Amniotic fluid is an important part of the baby’s life support system. Amniotic fluid is generally produced after 12 days of conception once amniotic sac is formed. Initially Amniotic fluid takes water from mother’s body and after 20 weeks urine of fetus forms the main substance.
It protects baby from any injury and also helps in the development of fetus muscles, limbs, digestive system, and lungs. It allows the fetus to grow, tumble and move in the mother’s womb.
Sometimes amniotic fluid may be produced in very low or high quantity. Measurement of amniotic fluid is too low it is called oligohydramnios. A condition of low amniotic fluid measurement is also called as Oligohydramnios. A high measurement of amniotic fluid is called as polyhydramnios.
Worldwide, out of 8% of pregnant women having low amniotic fluid approximately 4% are being diagnosed with Oligohydramnios. It is most commonly detected in the third trimester and may cause more serious complications in pregnancies longer than 41 weeks. This condition may be a life-threatening situation for fetus due to cord compression, insufficient oxygen or immature lungs development.
Etiology of low Amniotic fluid-
- Birth defects: Low amniotic fluid production can be caused due to problem in the development of fetus urinary tract or kidneys.
- Placental issue: When placenta is not able to provide sufficient blood and nutrients then the fetus may stop recycling of fluid.
- Leakage or membrane rupture: A Premature rupture of membranes (PROM) or tear can cause a slow constant trickle or gush of fluid resulting in low amniotic fluid levels.

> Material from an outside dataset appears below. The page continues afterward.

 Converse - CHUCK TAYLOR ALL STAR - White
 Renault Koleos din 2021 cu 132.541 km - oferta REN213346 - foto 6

- Post-natal Pregnancy: A pregnancy that goes over 42 weeks (Post-natal) can result in low levels of amniotic fluid causing decreased placental functioning.
- Maternal risk factors: Various maternal complications like diabetes, hypertension, preeclampsia, dehydration, and chronic hypoxia can cause low volume of amniotic fluid levels.
The Associated risks of having low amniotic fluid
In the first trimester, it is more risky-
- Birth defects due to compression of fetal organs
- Miscarriage or still-birth
In the second trimester risks are-
- Intrauterine Growth Restriction (IUGR)
- Preterm birth
Diagnosis and Treatment
Amniotic fluid is evaluated using the amniotic fluid index (AFI). Here, fluid packets are measured in four different areas of the uterus and final calculation is done by adding all measurements together to analyze final score on the index. The normal AFI range should be anything between 5 cm and 25 cm which indicates enough amniotic fluid to support fetal health. A value less than 5cm is a cause for concern, and necessary precautions should be taken for the rest period of pregnancy.
The treatment of oligohydramnios is usually given as per gestational period. A preterm condition of a mother is usually monitored very closely. Baby’s activities are monitored with non-stress and contraction stress. In full-term with low amniotic fluid levels, doctors usually recommend delivery of a child.
Various other treatment procedures that can be used are Amnio-infusio, Amniocentesis and maternal re-hydration with oral or IV fluids.